For starters, this is a requirement of my ENGL 101 course. But more importantly, it's fun. Taking your ideas out of the classroom and doign something with them, whether it's sending them into a peer reviewed journal, writing a letter to the editor of your local paper, or creating a blog of your own, exemplifies both the need and the reasoning behind general education courses like the ones I commonly teach. Taking your ideas out of the classroom is what we are meant to do. Some students refuse to see the connection between general education and the larger world. They might think that just because they can't see a direct link between the exact job they want to get paid to do and the reading assignment for this week, that they aren't learning anything useful for themselves. I couldn't disagree more. To those students I say ask not how specifically your class relates to you, but how you can apply the skills from a class over different areas of your life.

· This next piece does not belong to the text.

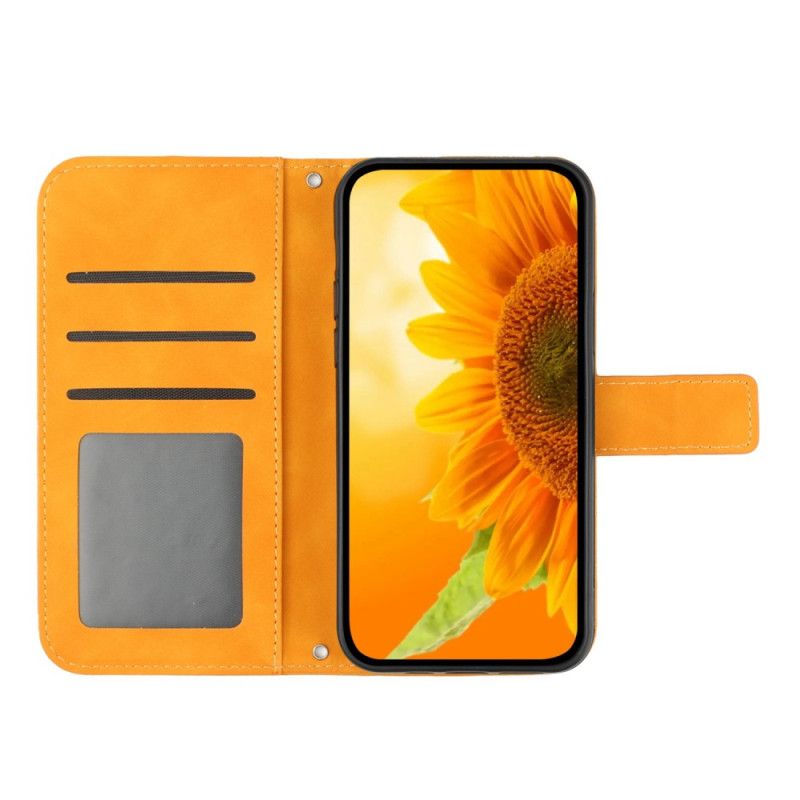 Kožené Puzdro Oppo Reno 8 Lite Strappy Slnečnica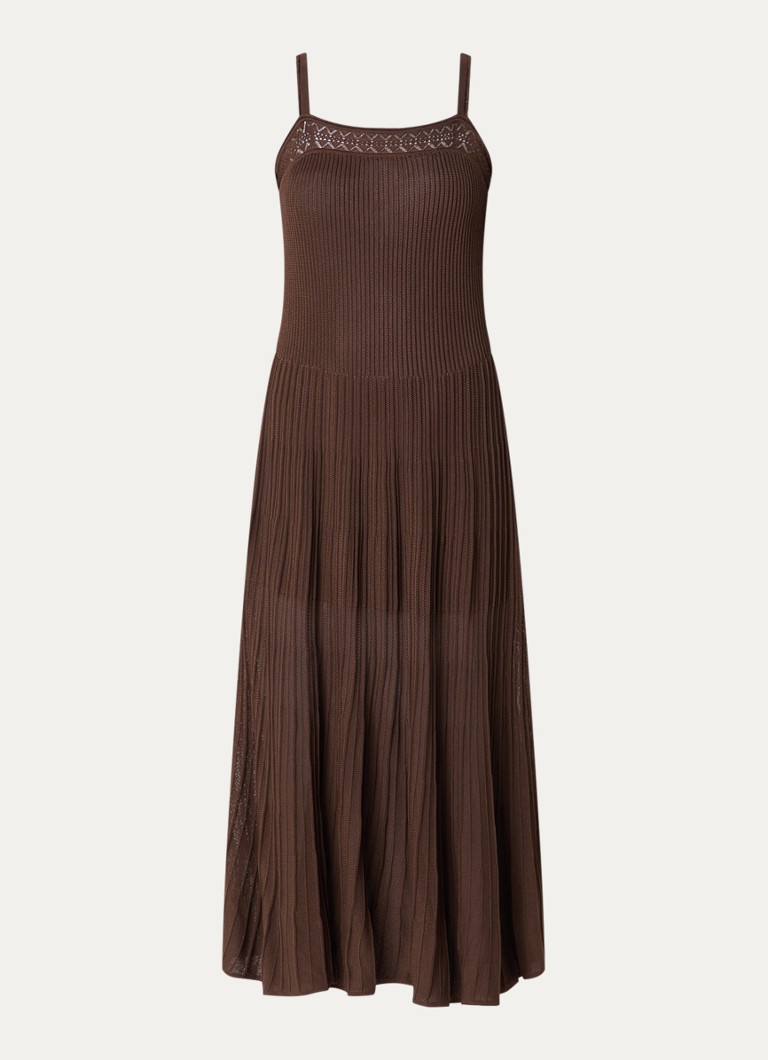 Ba&sh Dames Noto grofgebreide midi jurk met plooien in de kleur Bruin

However, this assignment isn't really about me. And, whether or not you and I see eye to eye is neither here nor there when it comes to getting the academic (Project 3) job done. Your mission for the next part of this assignment is to transform your academic MLA version into something more web appropriate, complete with links and perhaps an image of some sort. In a way you will be translating your already written analysis into a web-friendlier version that truly adds to the larger conversation[s] (of consumerism, advertisements, gender, and anything else the commercial you've chosen touches upon) by being a part of this open blog.
There will be an incentive for the blog post with the most views (in the first week) and the blog post with the most comments (also in the first week), so create a tiny url and post it to your networking sites of choice. There will only be one "winner" for each category--meaning all 101 students between both classes are competing for the same titles.